## Directions
Output the full listing below exactly as it reads, and skip anything that is a picture.

## Supplied information
[Start of Attachment]

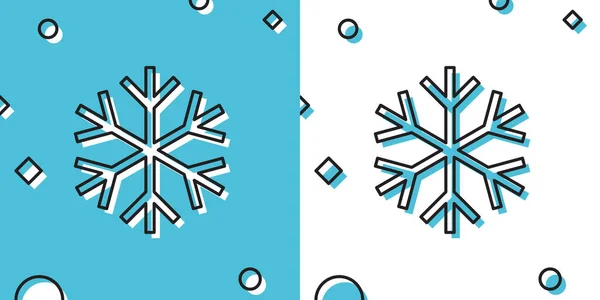 Ícone Floco Neve Preto Isolado Fundo Azul Branco Formas Dinâmicas — Vetor de Stock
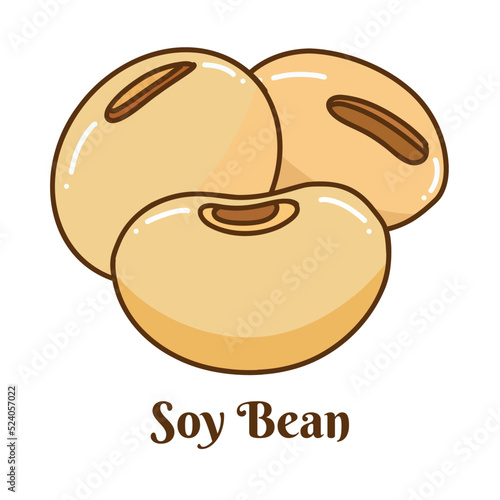 Hand drawn vector illustration of soy bean isolated on white background.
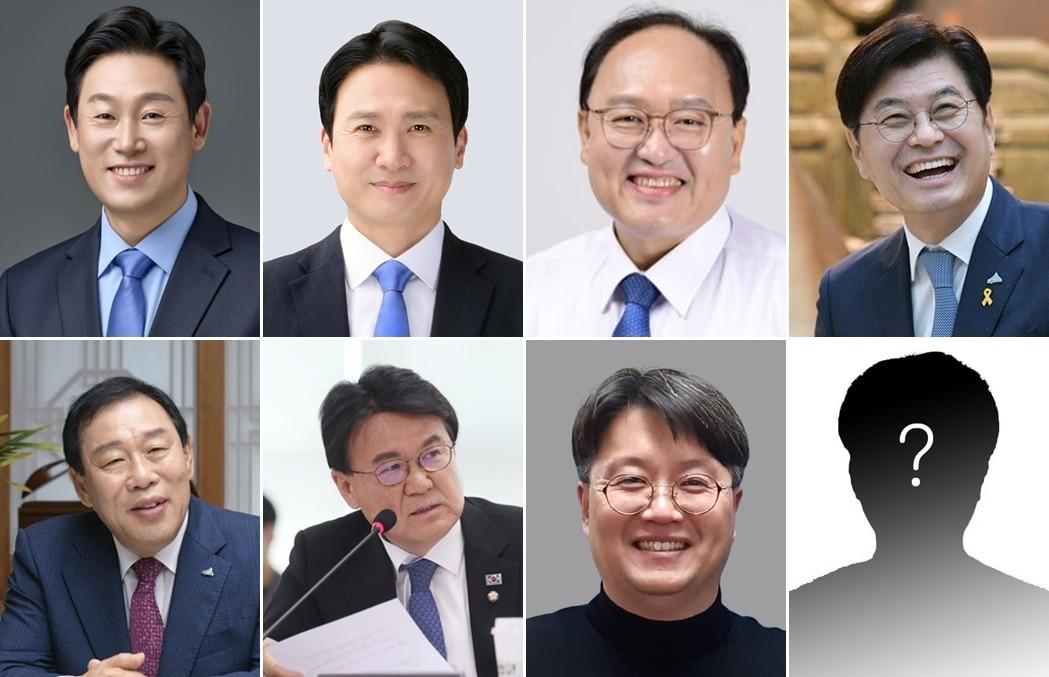 본문 이미지 - 고준일, 김수현, 조상호, 이춘희, 최민호, 황운하, 홍순식 세종시장 후보. (왼쪽부터 시계 방향으로)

[End of Attachment]

## Task answer
 Ícone Floco Neve Preto Isolado Fundo Azul Branco Formas Dinâmicas — Vetor de Stock
 Hand drawn vector illustration of soy bean isolated on white background.
 본문 이미지 - 고준일, 김수현, 조상호, 이춘희, 최민호, 황운하, 홍순식 세종시장 후보. (왼쪽부터 시계 방향으로)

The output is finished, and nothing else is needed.